**Entries supplied**
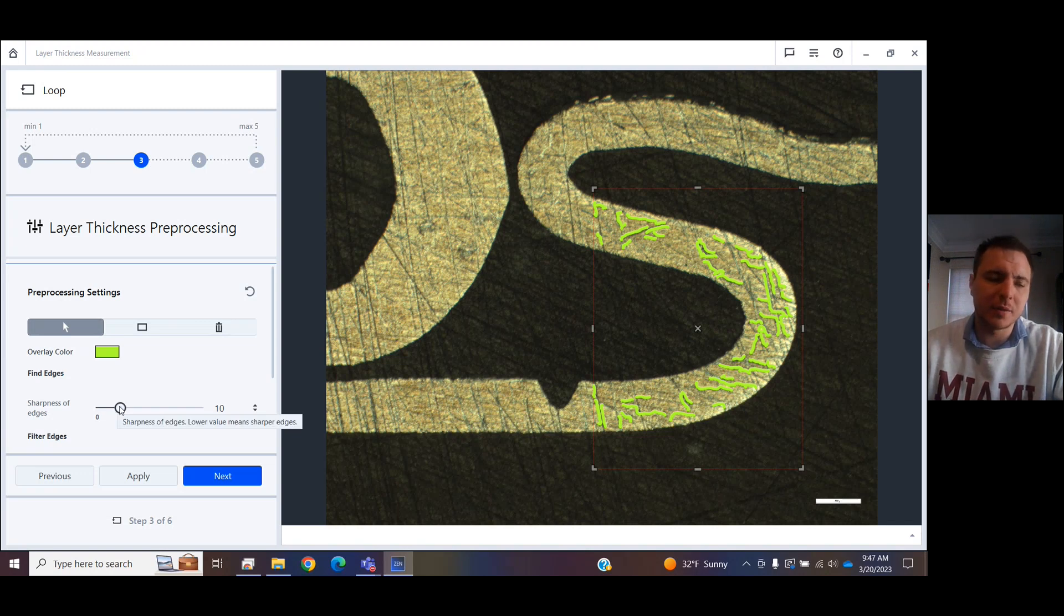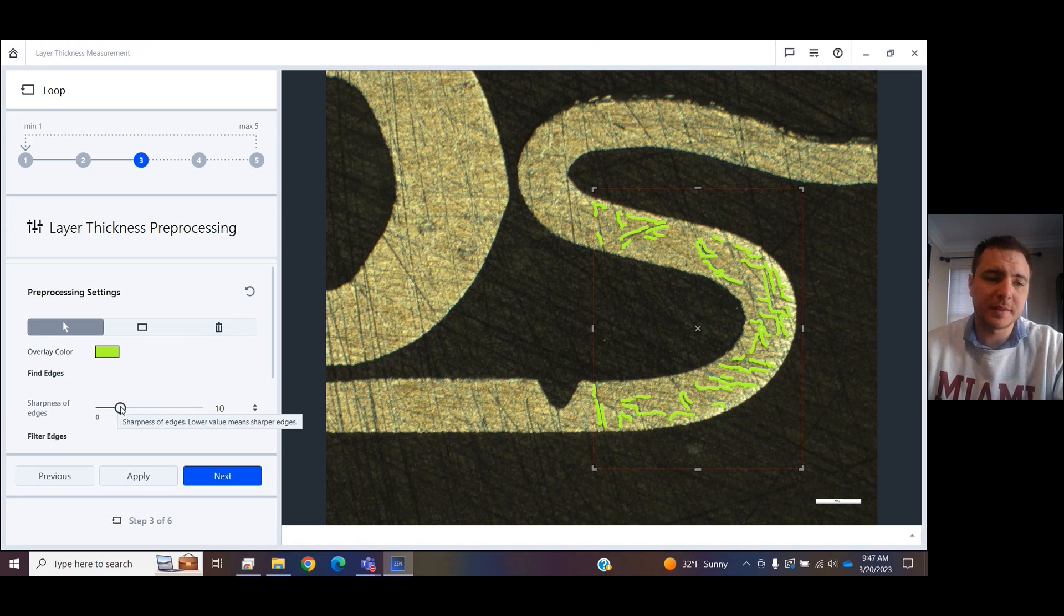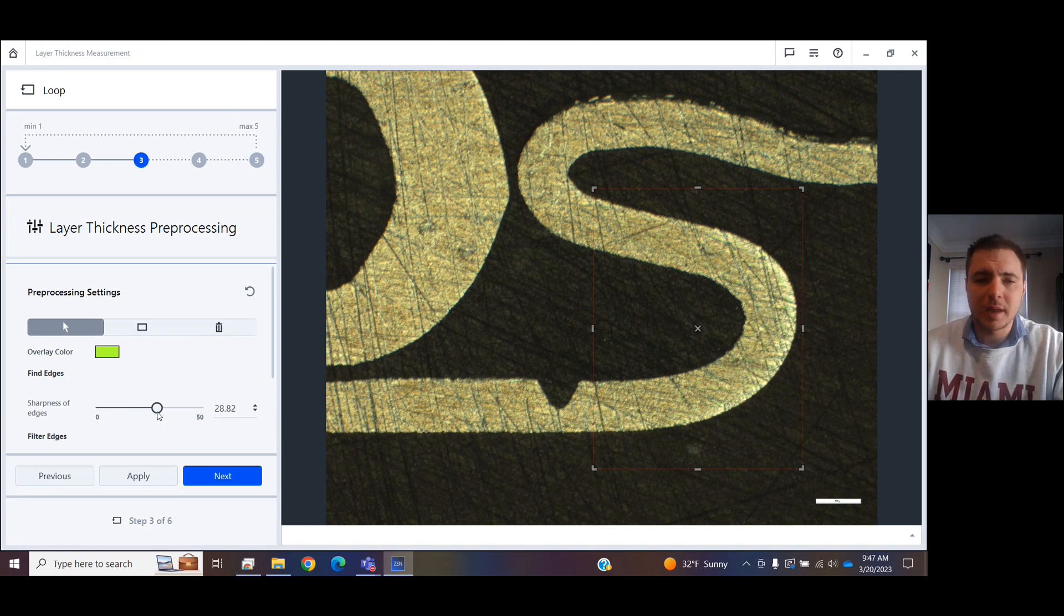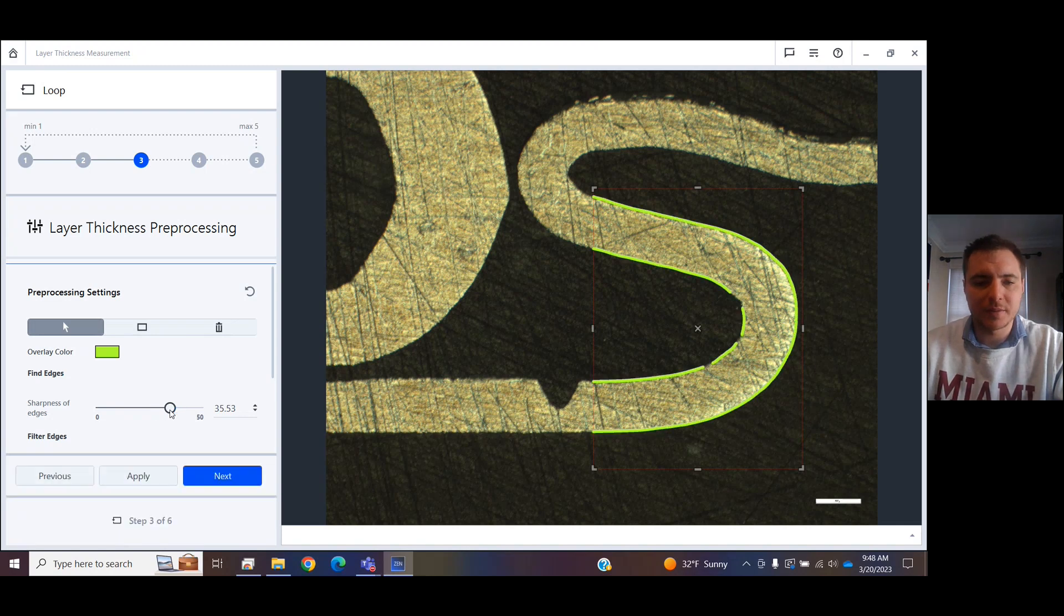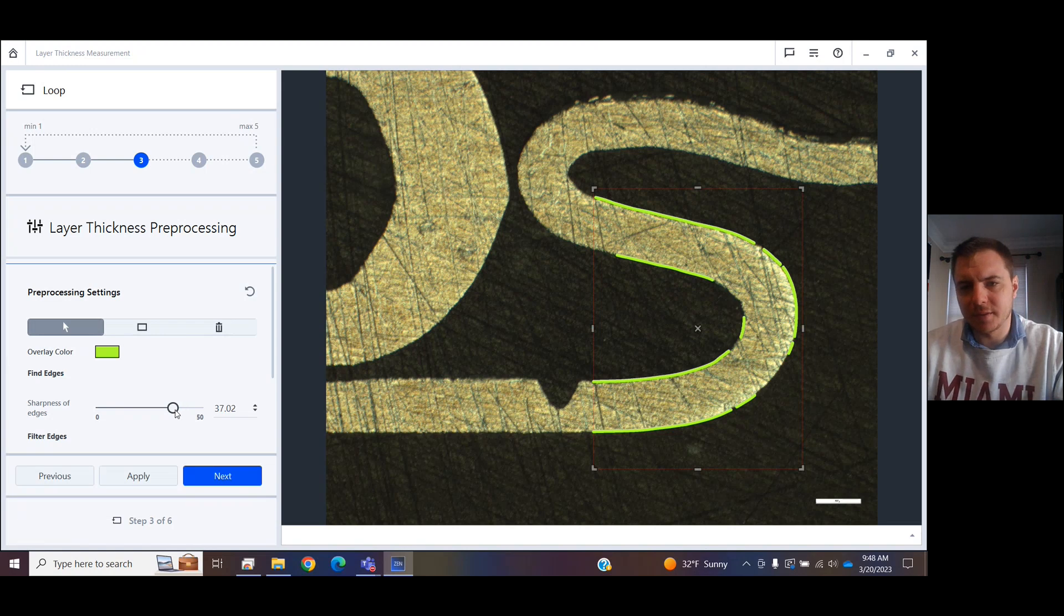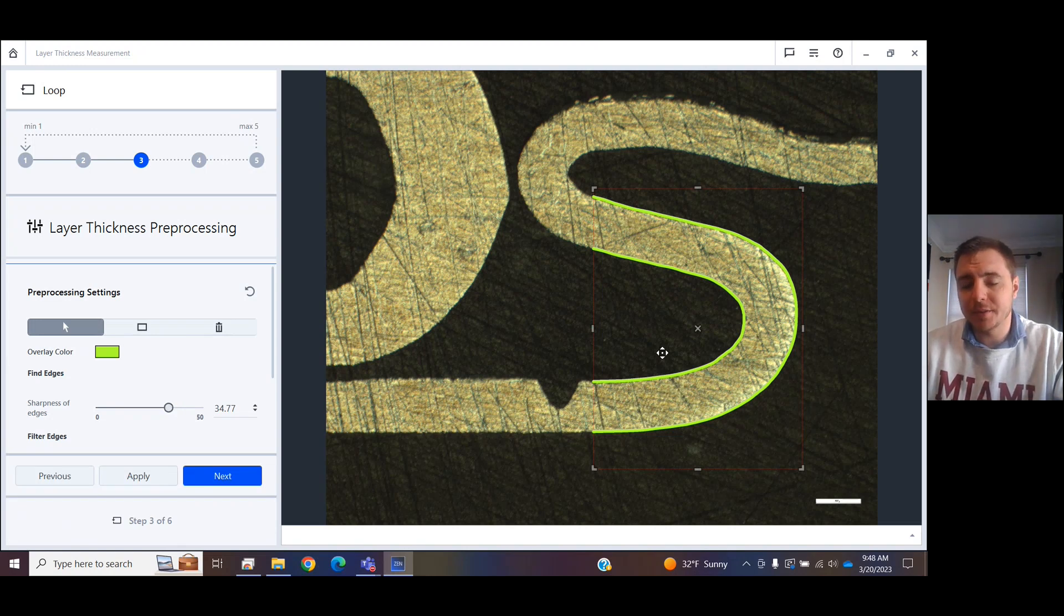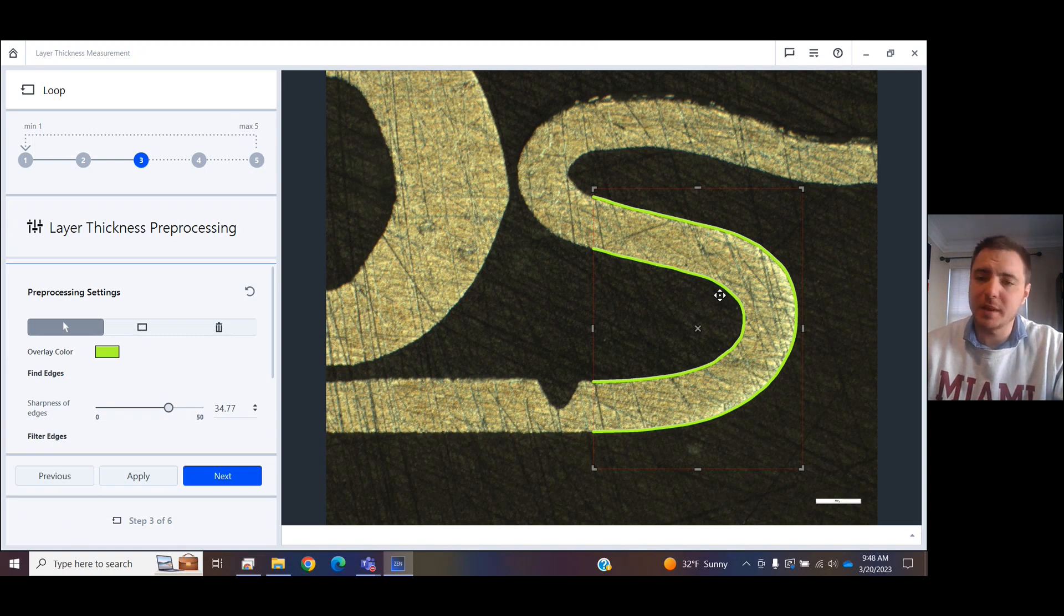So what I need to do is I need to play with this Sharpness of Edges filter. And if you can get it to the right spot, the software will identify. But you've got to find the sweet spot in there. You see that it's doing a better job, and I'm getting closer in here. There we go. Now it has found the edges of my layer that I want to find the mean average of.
--
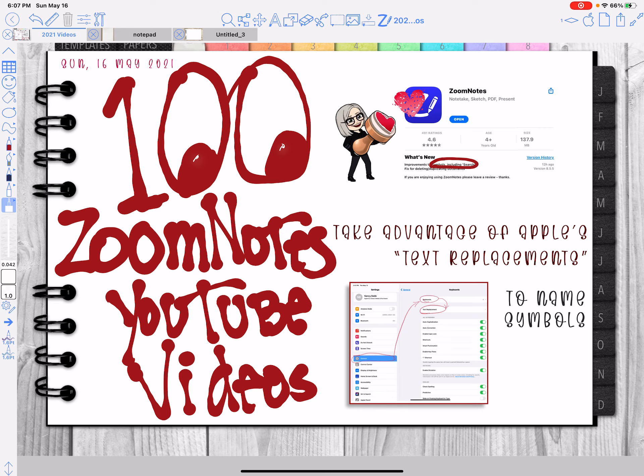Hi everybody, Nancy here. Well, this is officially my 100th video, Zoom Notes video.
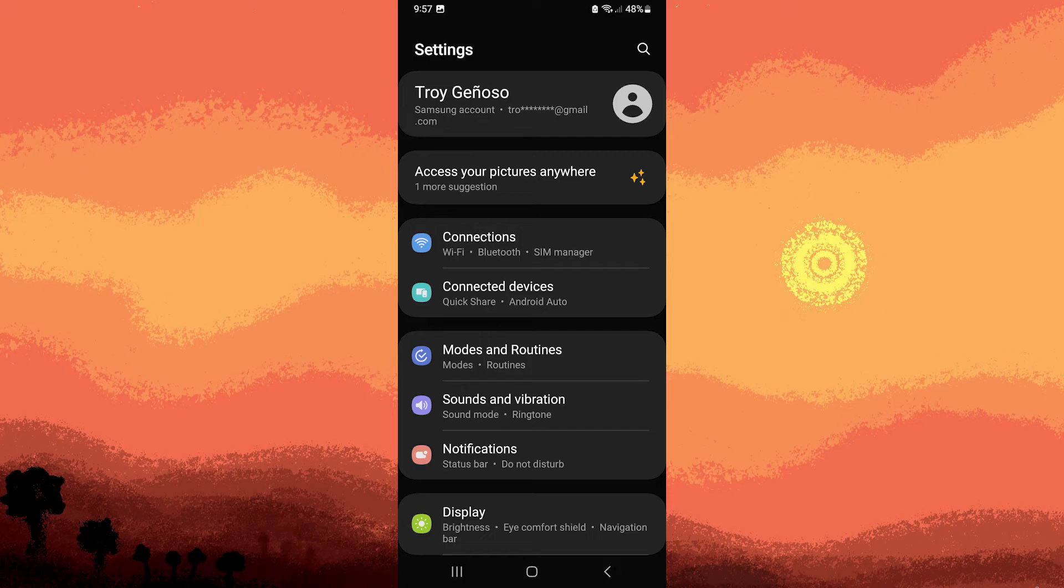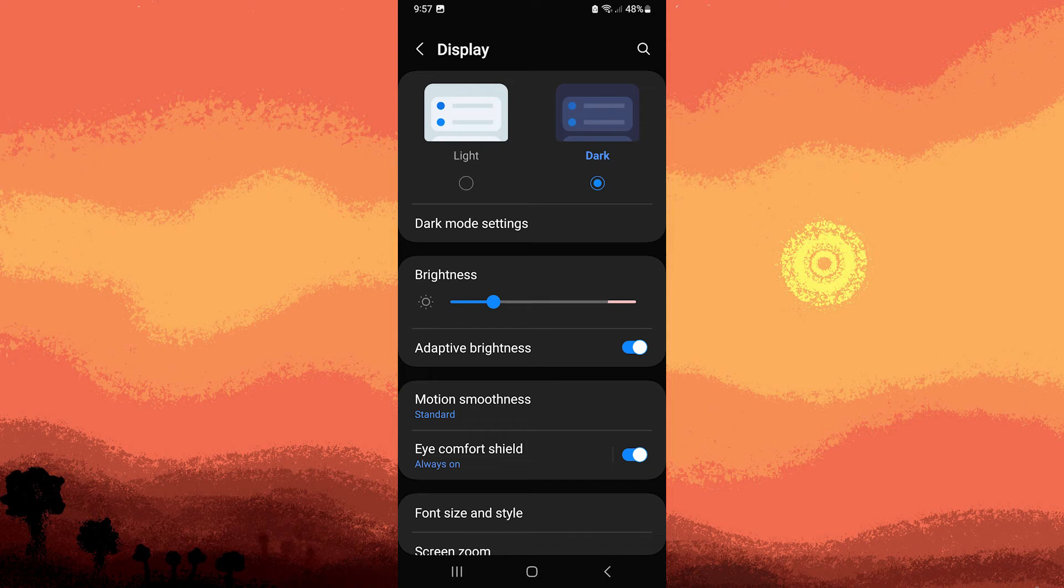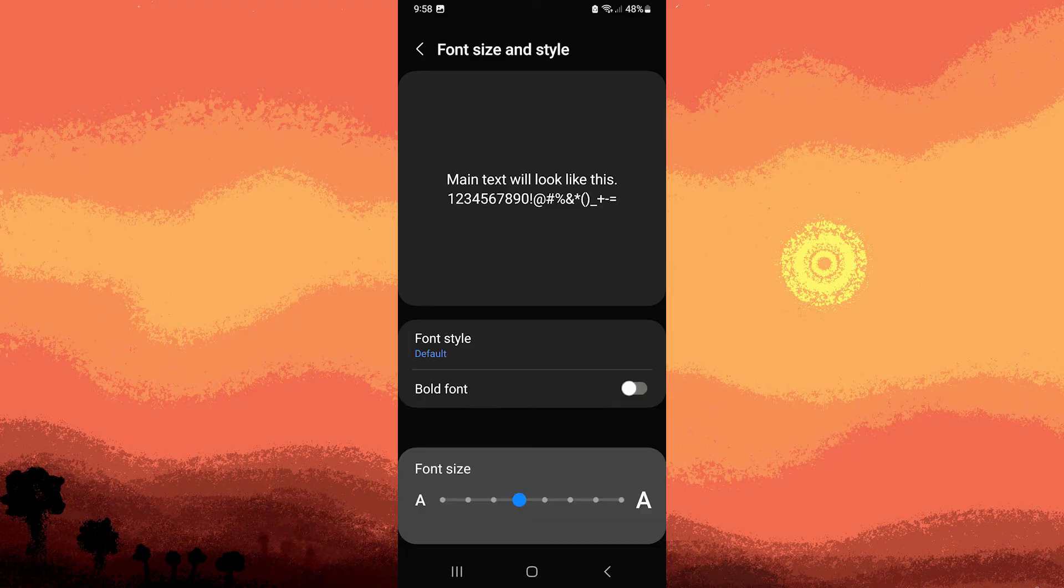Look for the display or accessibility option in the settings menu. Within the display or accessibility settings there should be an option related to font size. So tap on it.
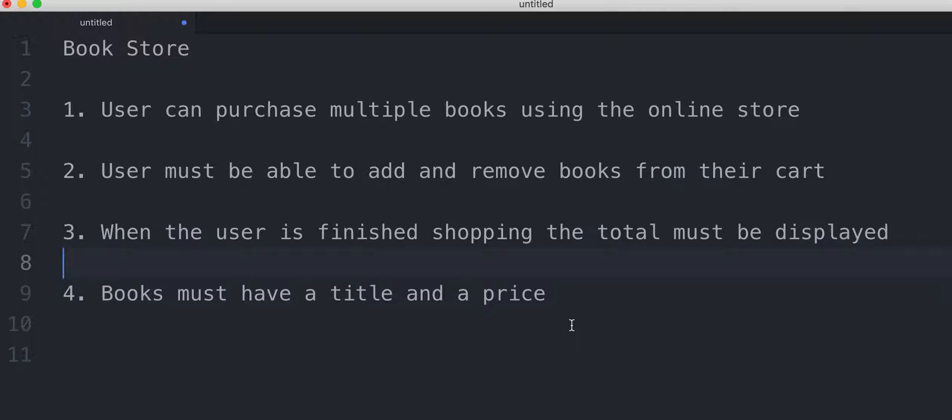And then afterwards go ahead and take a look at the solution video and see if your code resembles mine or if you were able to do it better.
==
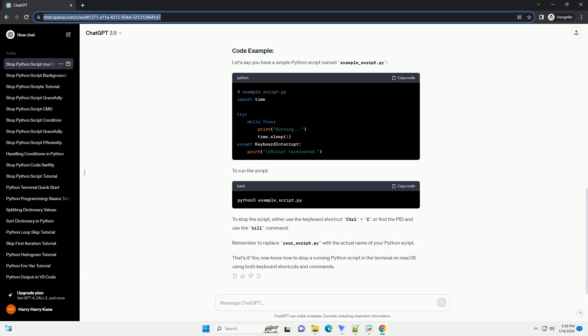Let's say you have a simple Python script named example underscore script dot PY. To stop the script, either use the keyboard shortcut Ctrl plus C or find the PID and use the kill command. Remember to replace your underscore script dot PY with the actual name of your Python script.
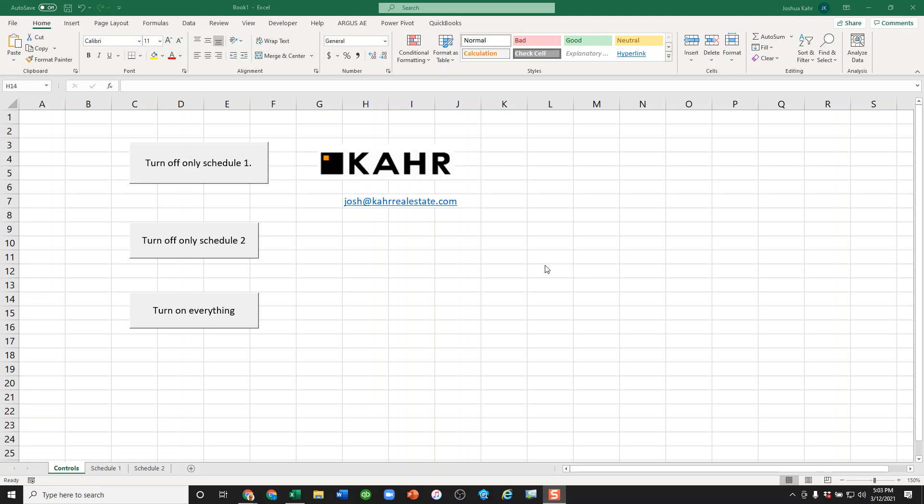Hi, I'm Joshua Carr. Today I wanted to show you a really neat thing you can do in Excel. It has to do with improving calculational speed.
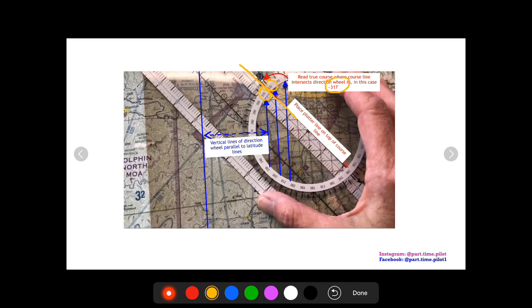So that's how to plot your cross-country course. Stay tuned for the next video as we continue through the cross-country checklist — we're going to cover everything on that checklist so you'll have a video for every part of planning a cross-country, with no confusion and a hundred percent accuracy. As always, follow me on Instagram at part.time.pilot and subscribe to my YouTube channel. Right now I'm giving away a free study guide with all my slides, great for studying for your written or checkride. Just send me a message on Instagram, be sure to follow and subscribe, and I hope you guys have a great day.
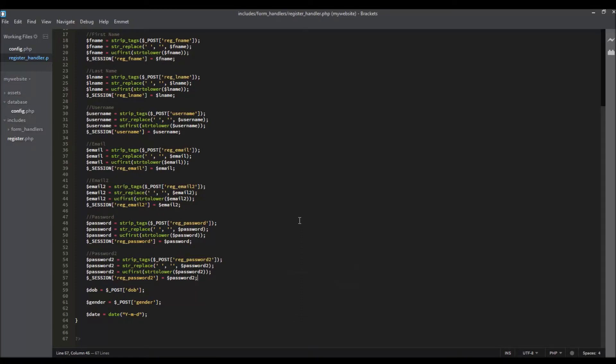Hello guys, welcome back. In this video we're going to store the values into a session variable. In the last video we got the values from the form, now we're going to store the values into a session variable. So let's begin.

**About this task**
Look above for the line containing "Hi everybody, Nancy", then copy exactly from it through the line containing "And then afterwards", keeping both and leaving out pictures. Add nothing else.

**Your response**
Hi everybody, Nancy here. Well, this is officially my 100th video, Zoom Notes video.
Look for the display or accessibility option in the settings menu. Within the display or accessibility settings there should be an option related to font size. So tap on it.
And then afterwards go ahead and take a look at the solution video and see if your code resembles mine or if you were able to do it better.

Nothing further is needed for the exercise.